This researcher and so many others link the decrease of unsupervised outdoor play as a major contributor to these dismal trends for our kiddos.

I wrestle with and fight the urge—on a daily basis—to be the helicopter mom. We are barraged with a constant dose of bad-news stories. It’s gripping. Knowing the dangers in our world and wanting to protect our children from them can be paralyzing. But whom are we paralyzing?

Talk about helicopter mom. As I write this column, I’m resisting the itch to rent my own helicopter to hover over the scout camp in Minnesota where our 11-year-old son, Patrick, is on his fourth day of camping, without us. It’s his first week-long trip, and he’s five hours away from home—one hour by helicopter, if mom’s piloting. Because of scheduling conflicts with his own troop, he tagged along with his cousin’s Fargo troop. He doesn’t know any of the leaders or other kids. And unless there’s an emergency, we won’t hear from him until we pick him up. On Friday. Just two more sleeps.

Know what kinda bugs me? I bet he’s having a blast and is discovering new feathers in his life-launch wings.

It’s been raining all week. My husband, Drew, has been tracking every drop.
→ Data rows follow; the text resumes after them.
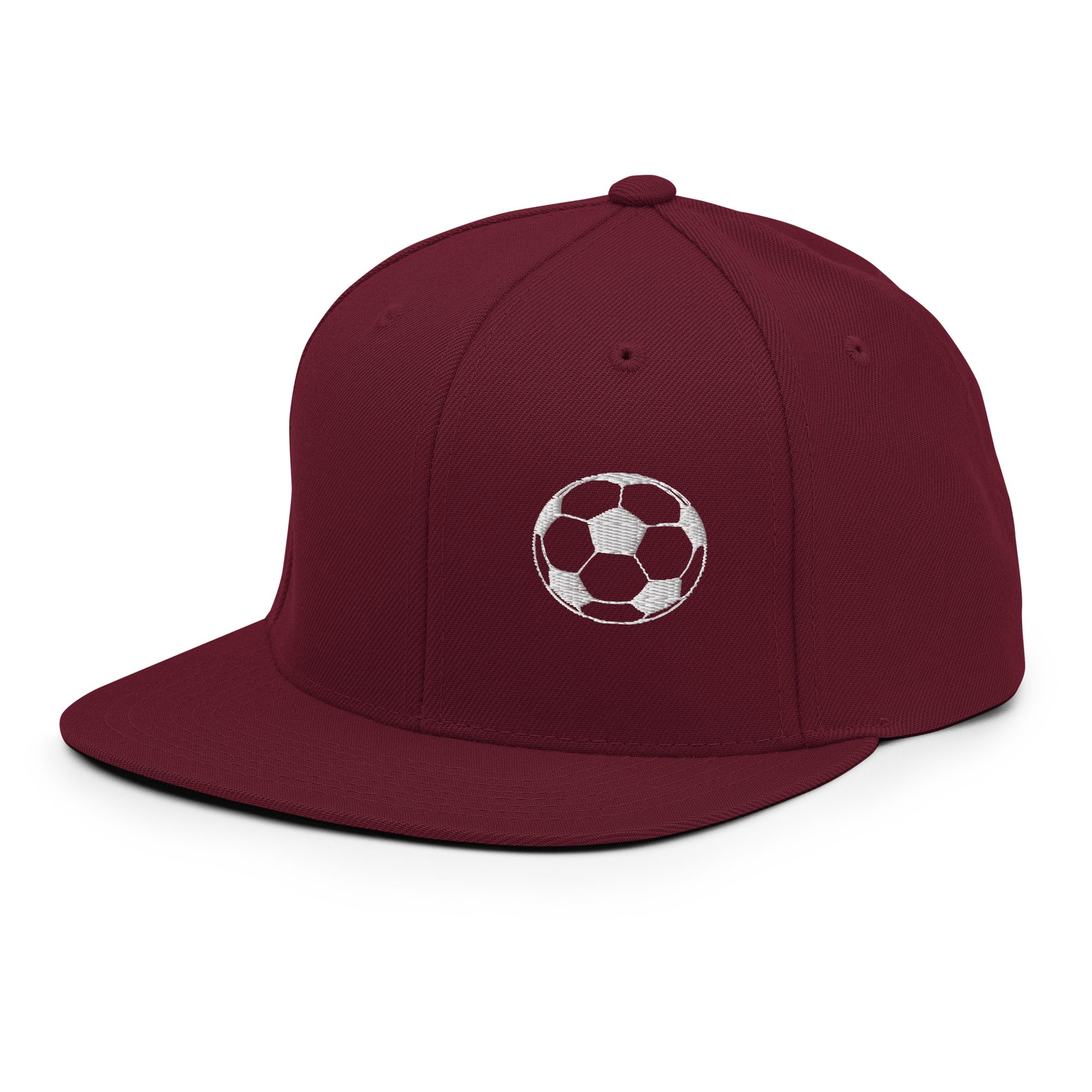 Soccer Edition structured snapback hat in maroon with flat brim and high-profile 6-panel crown | Our Game | An Athlete Trains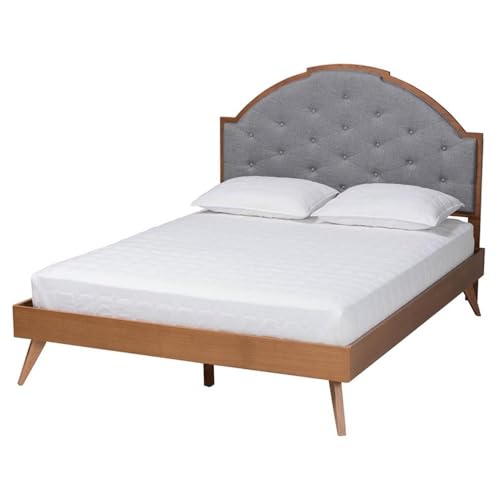 Baxton Studio Blanchard Mid-Century Modern Grey Fabric And Walnut Brown Wood King Size Platform Bed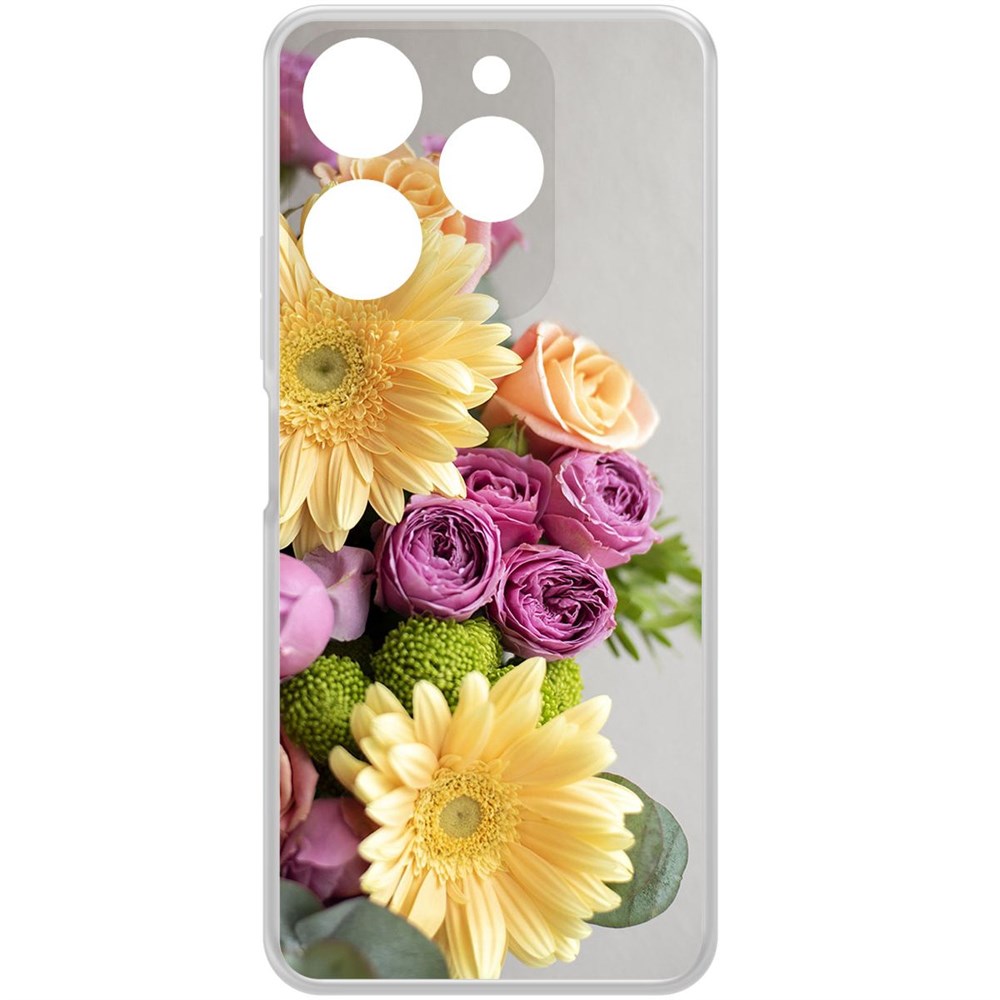 

Чехол-накладка Krutoff Clear Case Букет для Tecno Spark 10 Pro, Прозрачный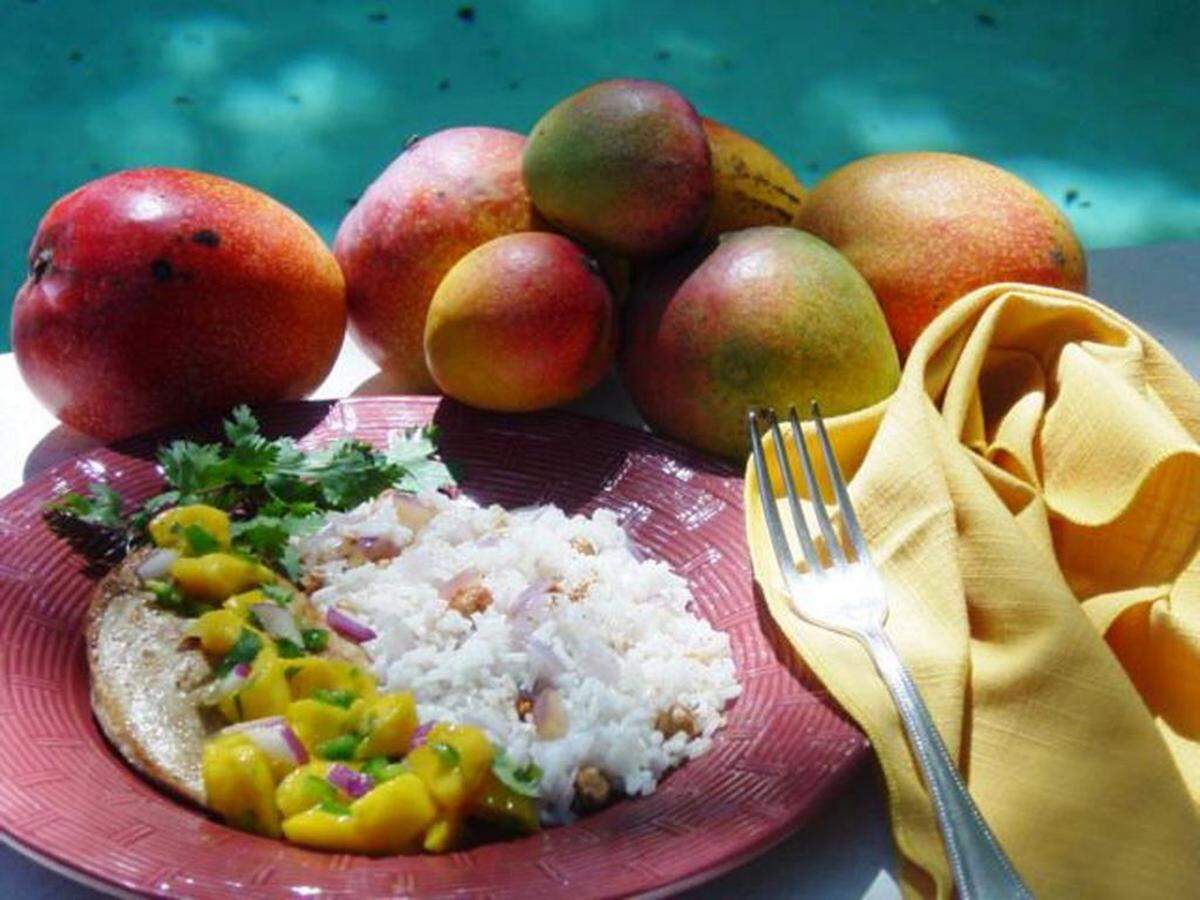 You can make mango salsa or mango daiquiris. Just pull one off the tree. In Miami, everybody has a tree.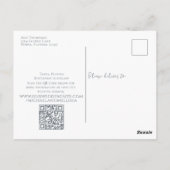 Carte Postale Code QR simple élégant bleu bleu floral Mariage (Dos)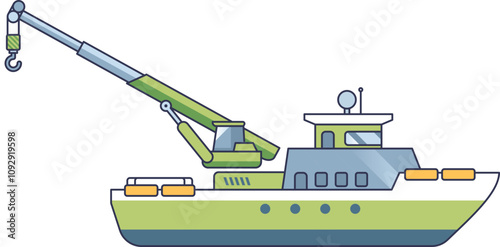 Illustration of a service boat with a crane, symbolizing marine assistance.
He told me last night, “Well, after three straight days of rain, it finally stopped—according to my radar—at 10 tonight.”

Every night this week, I went to bed and wondered what our son was doing. He must be safe. Has he made friends? How many merit badges has he earned? Then I pray for him. I pray that he remembered all the camping, first-aid, and other tips his Eagle Scout dad schooled him on. I hope that the full-sized backpack he’s using—the same one Drew used as a young scout—makes him feel like a part of home is with him.

I know this is an extraordinary learning experience for him—and for his mom, too. He’ll be forced to be independent and self-sufficient. And he’ll have fun. Just before he left, I stood outside his bedroom door listening as he and Drew went through a checklist. He told Patrick: “You will make mistakes this week. Expect them. Don’t get down on yourself. We all make mistakes. But learn from them, Patrick. And you’ll be fine. It’ll be wet. Hang your wet clothes in your tent to dry. Keep the tent door closed. And have fun.”

This might be the extreme of outdoor play. The memories and the lessons Patrick will learn at scout camp this week will last a lifetime. Thankfully, no one is calculating and recording mom’s anxiety level as I force myself to go against an overpowering urge to hover and protect my child from the freedom to play. The freedom to fail… to get hurt…to rise up…dust off…and learn.